** Directions **
Print the lines of the entries below from the one with "New 2025 Ford" through the final line, exactly as they appear. The pictures are not part of the copy.

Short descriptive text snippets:
Start of Block

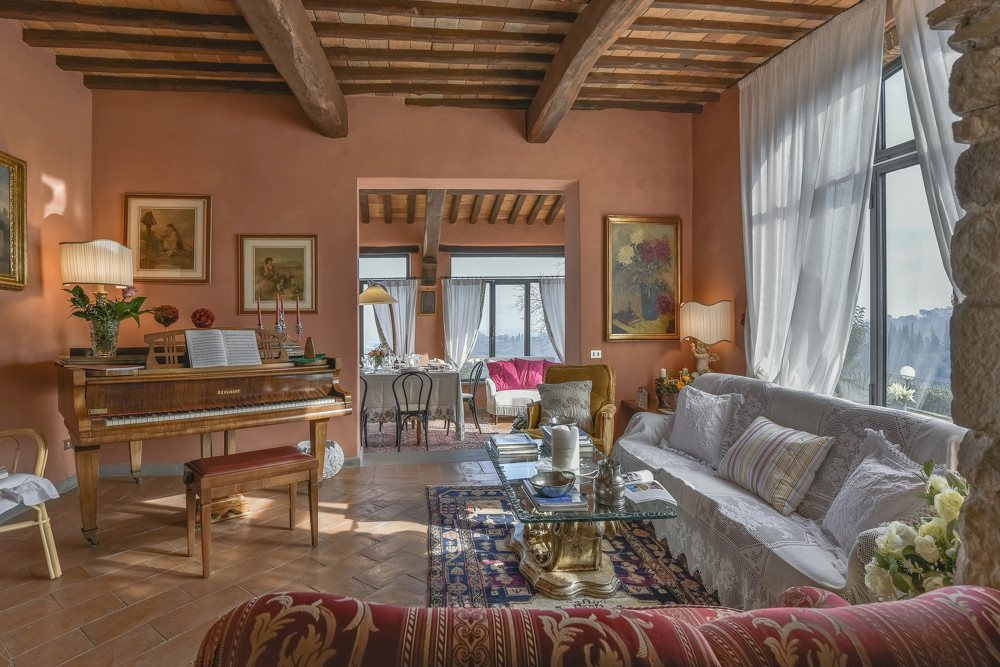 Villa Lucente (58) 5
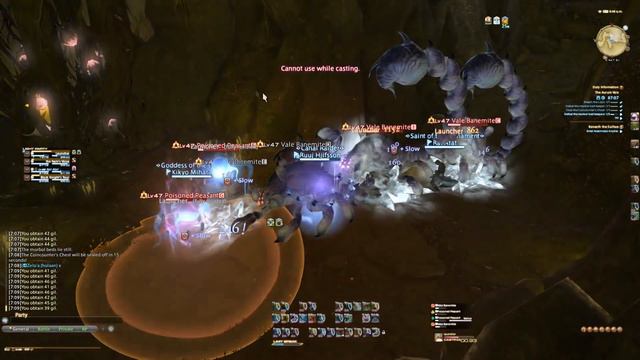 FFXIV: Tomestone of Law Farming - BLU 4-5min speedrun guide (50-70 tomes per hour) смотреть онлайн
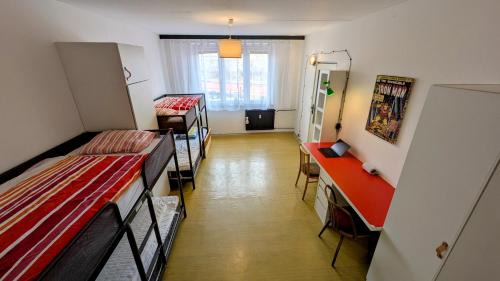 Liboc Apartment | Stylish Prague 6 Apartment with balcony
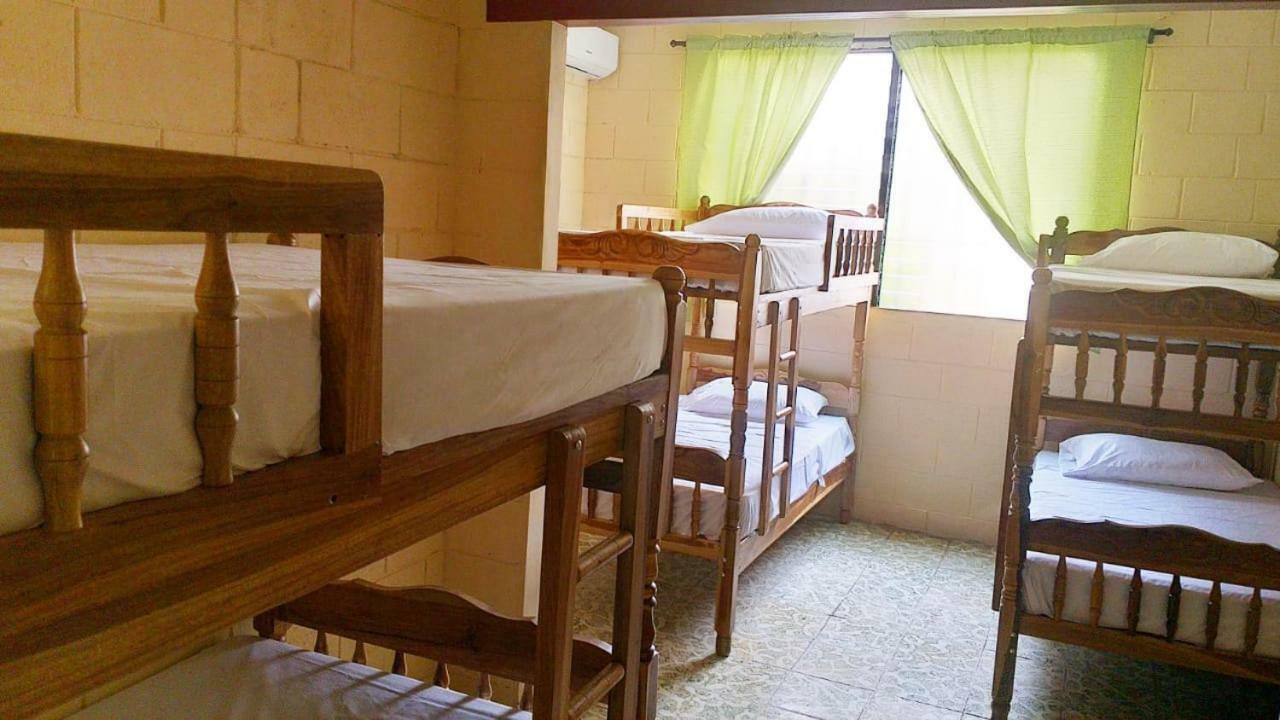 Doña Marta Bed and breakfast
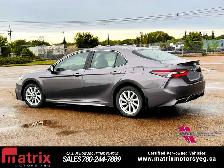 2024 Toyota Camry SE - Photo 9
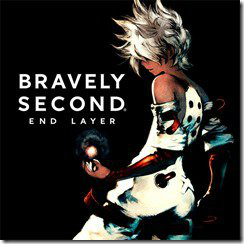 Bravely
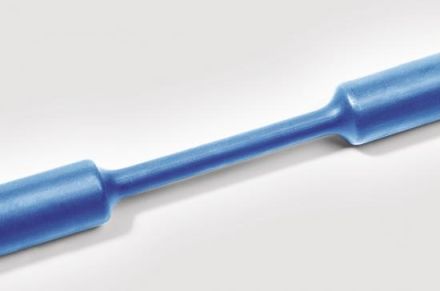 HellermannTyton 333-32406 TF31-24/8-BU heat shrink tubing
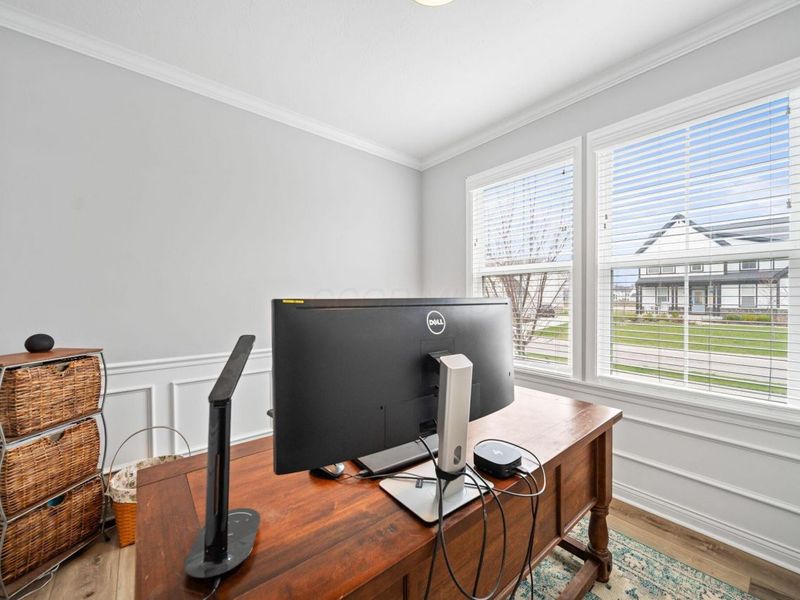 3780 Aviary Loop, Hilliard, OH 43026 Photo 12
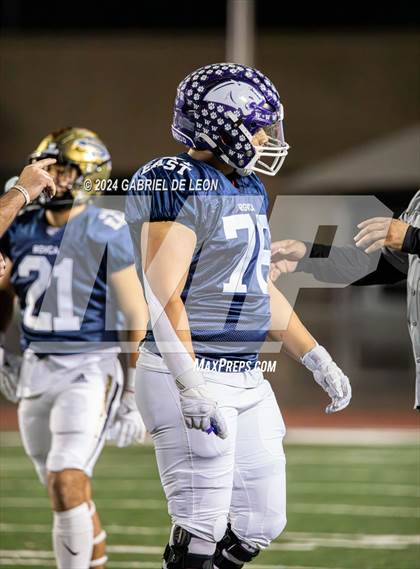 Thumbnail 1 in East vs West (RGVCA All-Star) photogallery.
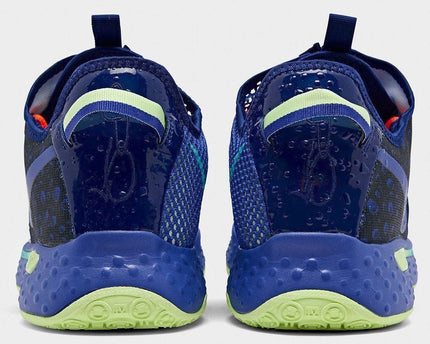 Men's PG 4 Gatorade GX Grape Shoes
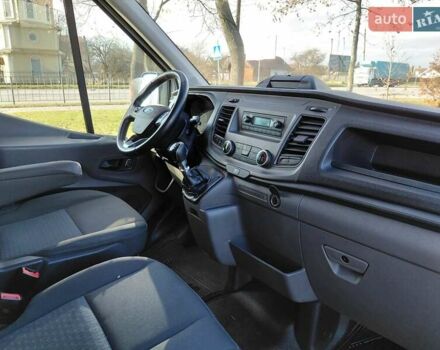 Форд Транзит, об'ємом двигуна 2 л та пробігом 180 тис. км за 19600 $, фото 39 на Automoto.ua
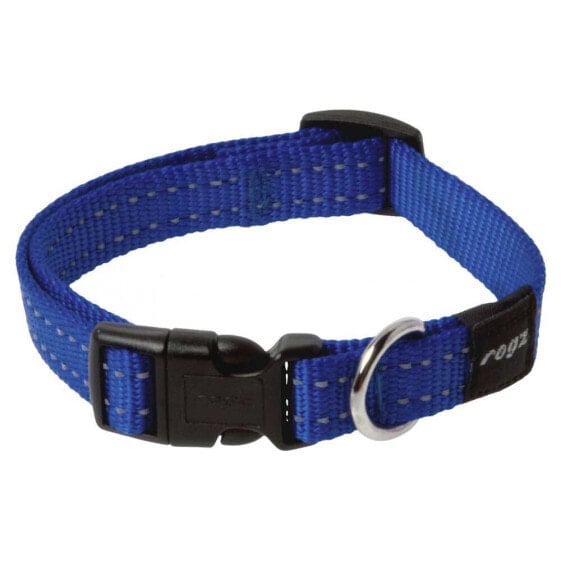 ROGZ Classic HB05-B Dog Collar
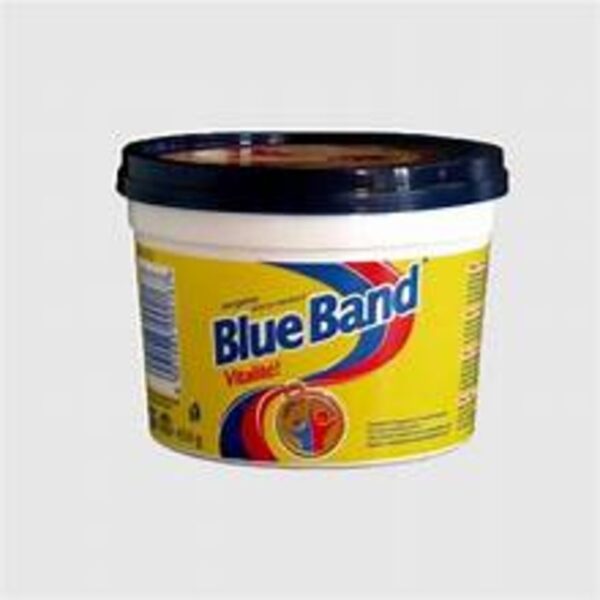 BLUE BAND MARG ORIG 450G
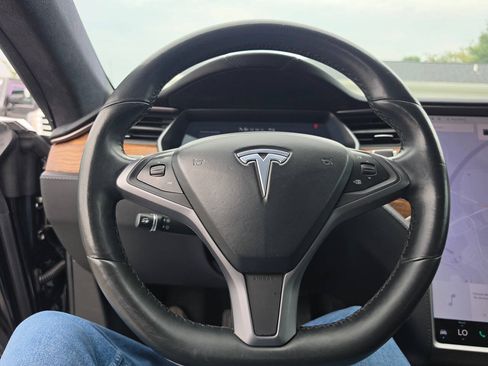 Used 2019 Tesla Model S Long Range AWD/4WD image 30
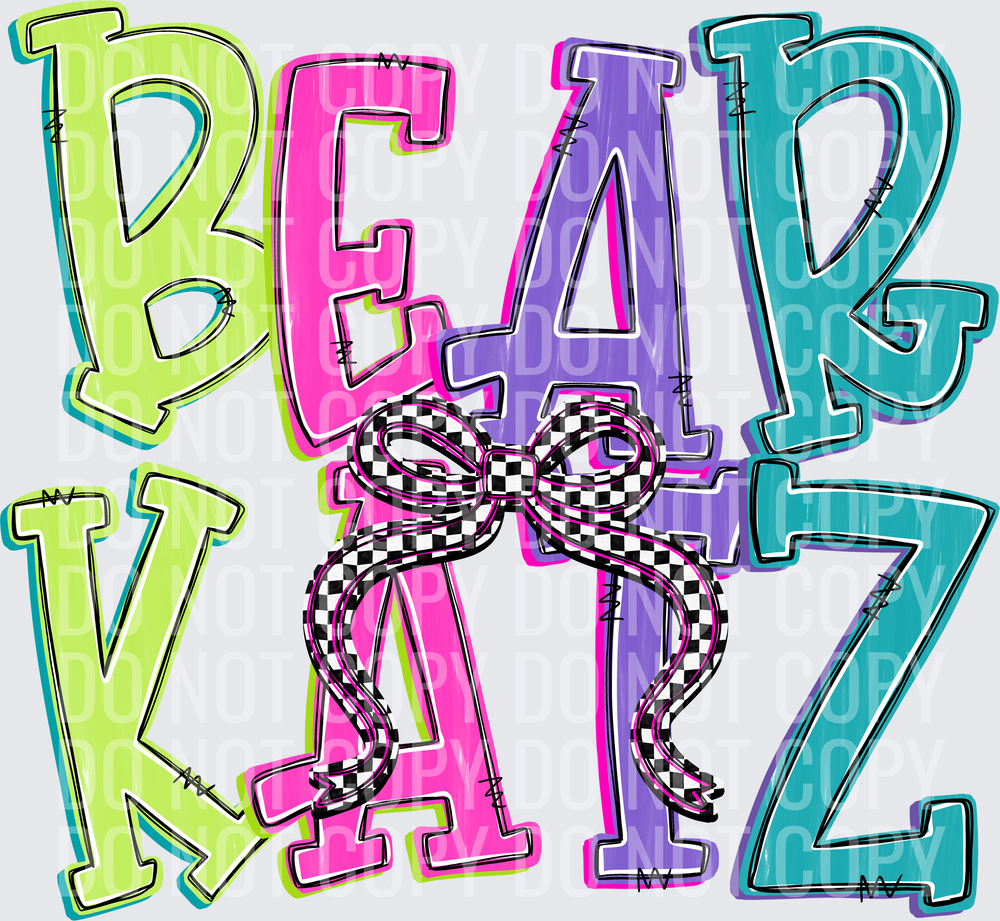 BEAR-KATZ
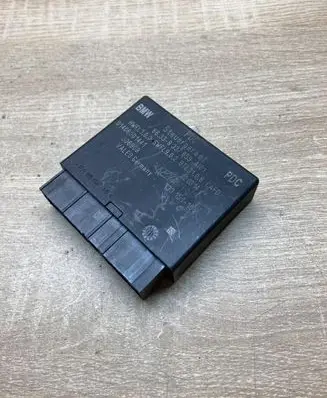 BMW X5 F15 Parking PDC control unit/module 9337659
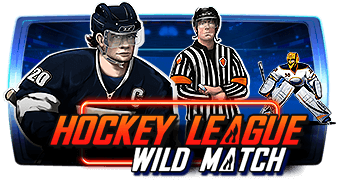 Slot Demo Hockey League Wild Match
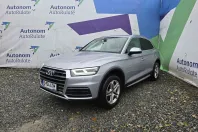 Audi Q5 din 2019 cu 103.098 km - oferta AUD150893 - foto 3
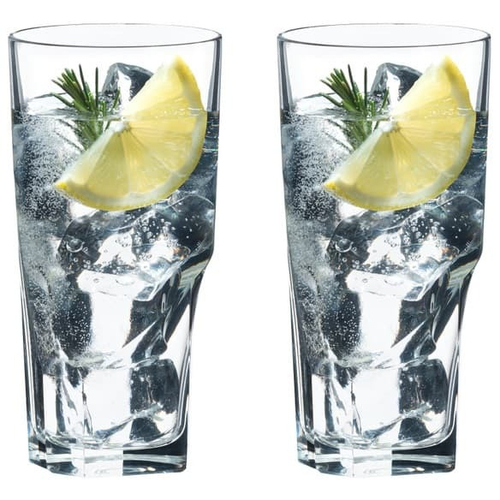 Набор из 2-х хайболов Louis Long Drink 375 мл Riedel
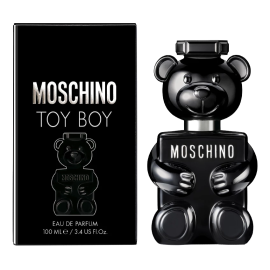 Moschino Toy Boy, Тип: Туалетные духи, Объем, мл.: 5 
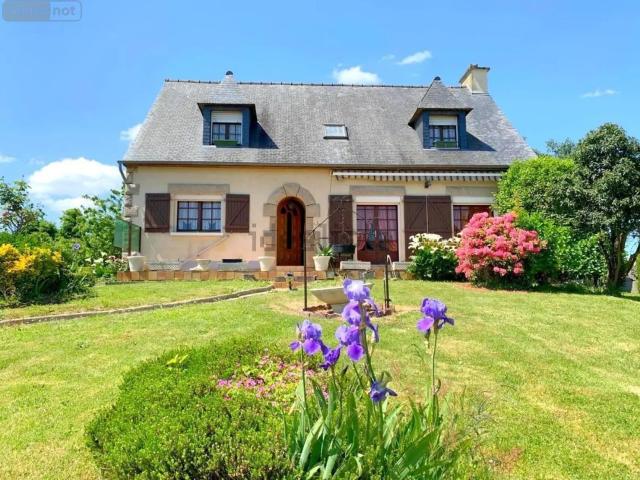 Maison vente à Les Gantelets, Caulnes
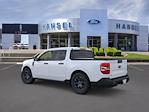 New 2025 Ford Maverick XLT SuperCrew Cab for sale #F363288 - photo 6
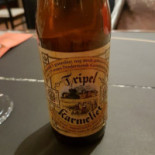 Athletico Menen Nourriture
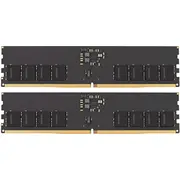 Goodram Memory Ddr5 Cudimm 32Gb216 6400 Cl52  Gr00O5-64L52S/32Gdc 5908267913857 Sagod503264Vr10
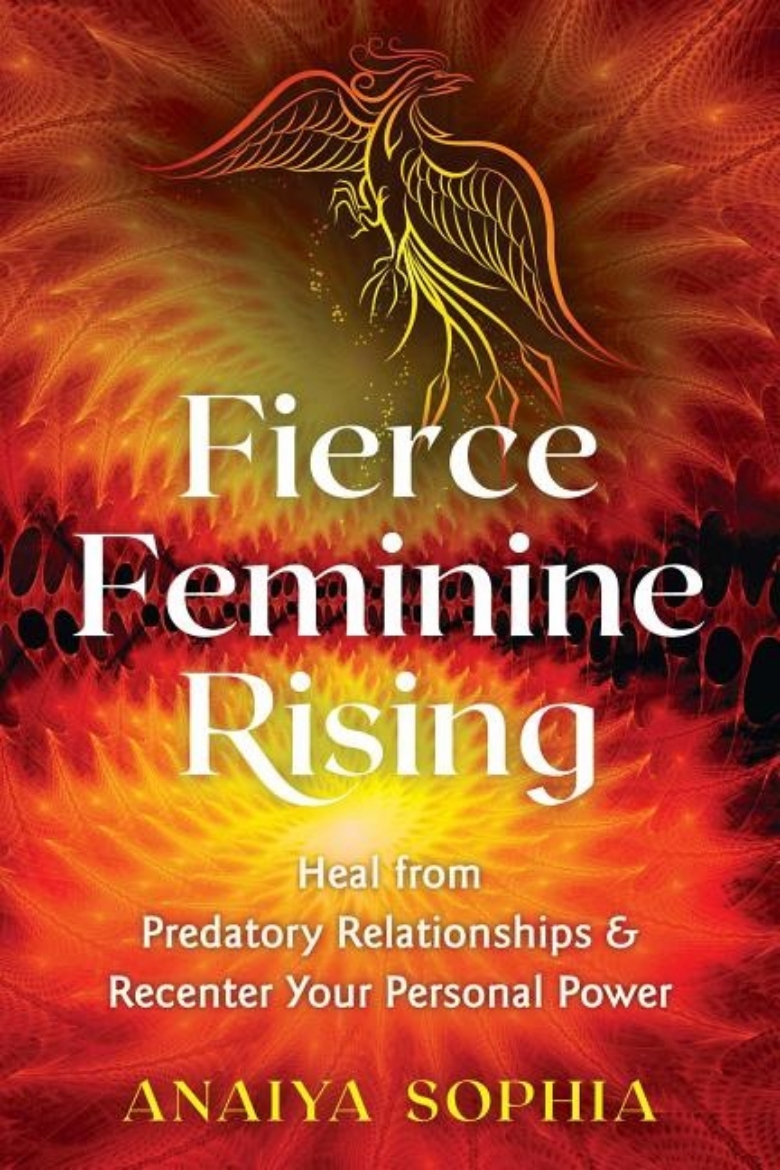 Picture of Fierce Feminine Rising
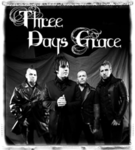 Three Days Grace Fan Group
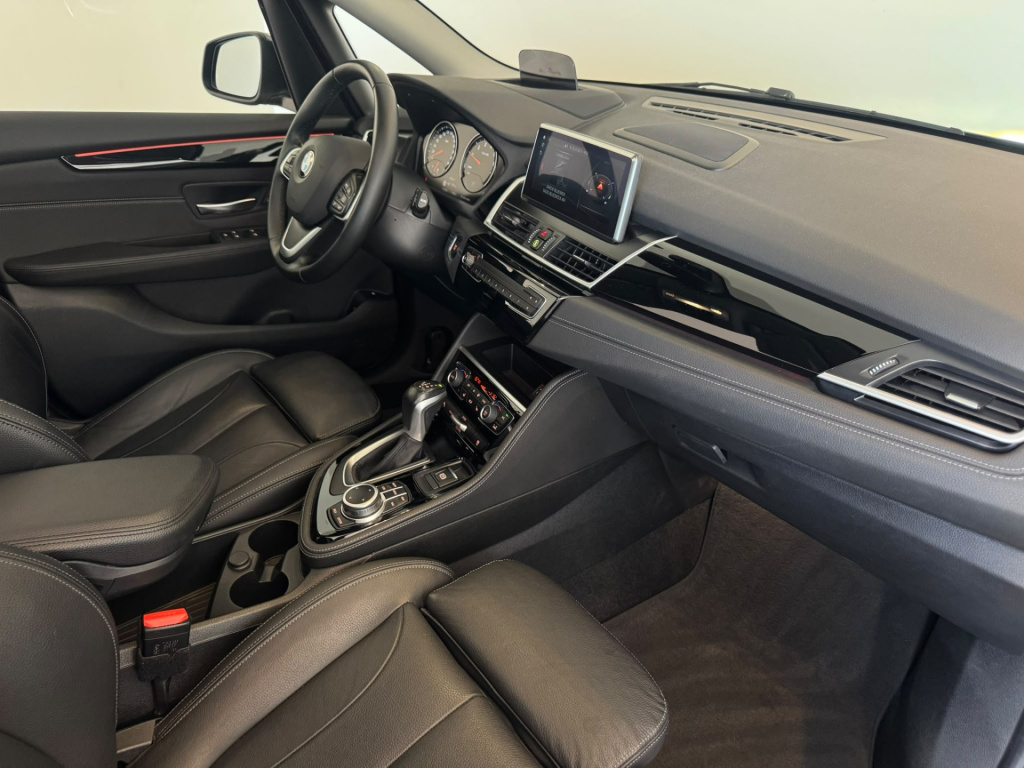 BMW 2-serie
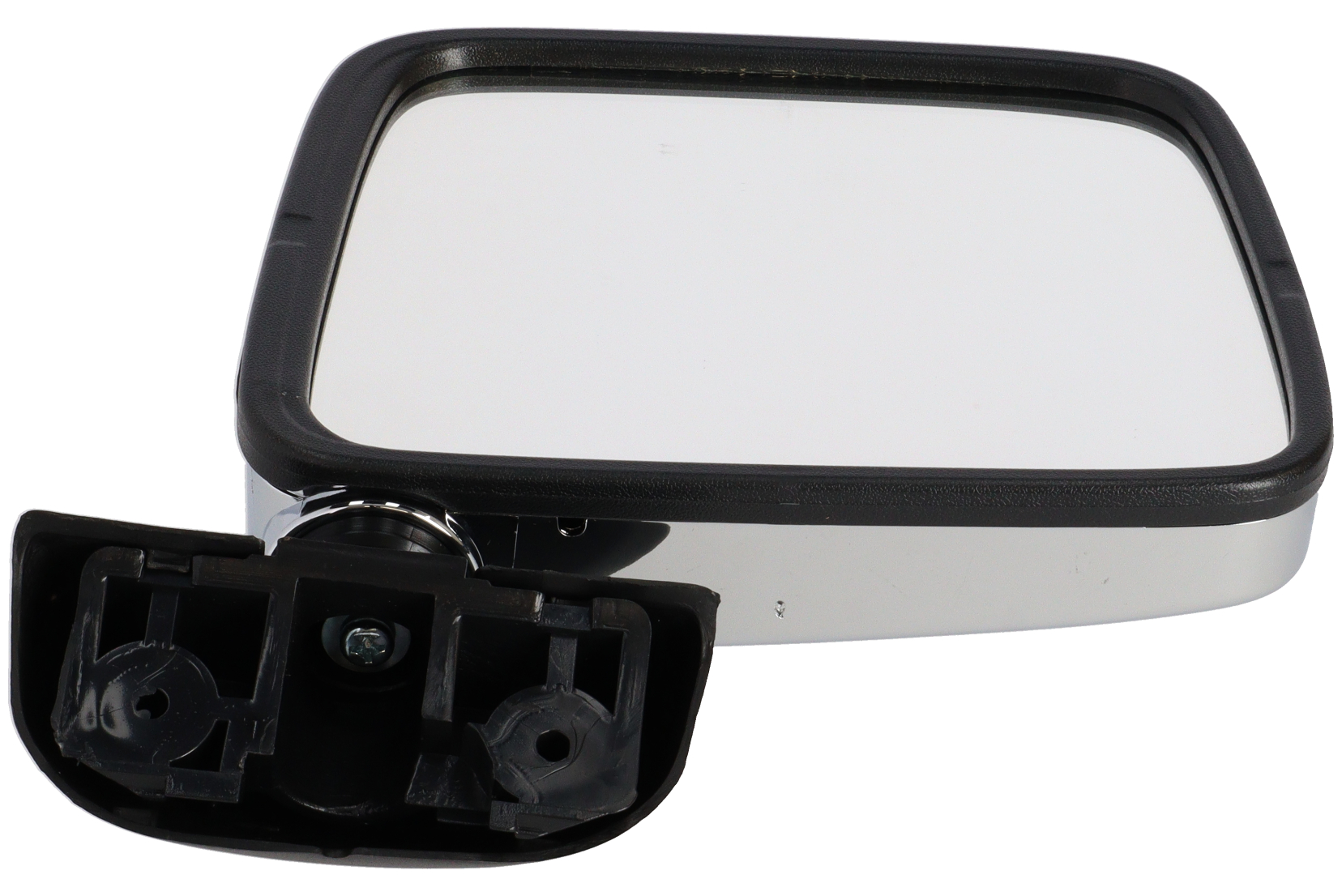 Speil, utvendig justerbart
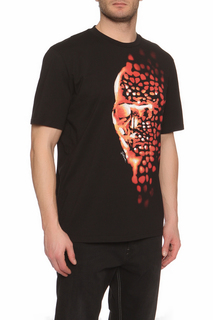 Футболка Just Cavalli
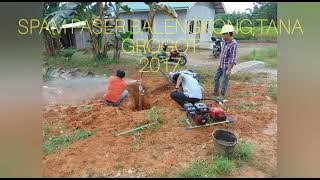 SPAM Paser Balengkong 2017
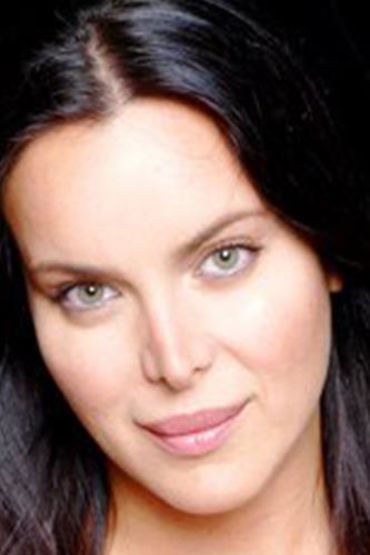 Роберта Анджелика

End of Block

** Answer for the task **
 New 2025 Ford Maverick XLT SuperCrew Cab for sale #F363288 - photo 6
 Athletico Menen Nourriture
 Goodram Memory Ddr5 Cudimm 32Gb216 6400 Cl52  Gr00O5-64L52S/32Gdc 5908267913857 Sagod503264Vr10
 Picture of Fierce Feminine Rising
 Three Days Grace Fan Group
 BMW 2-serie
 Speil, utvendig justerbart
 Футболка Just Cavalli
 SPAM Paser Balengkong 2017
 Роберта Анджелика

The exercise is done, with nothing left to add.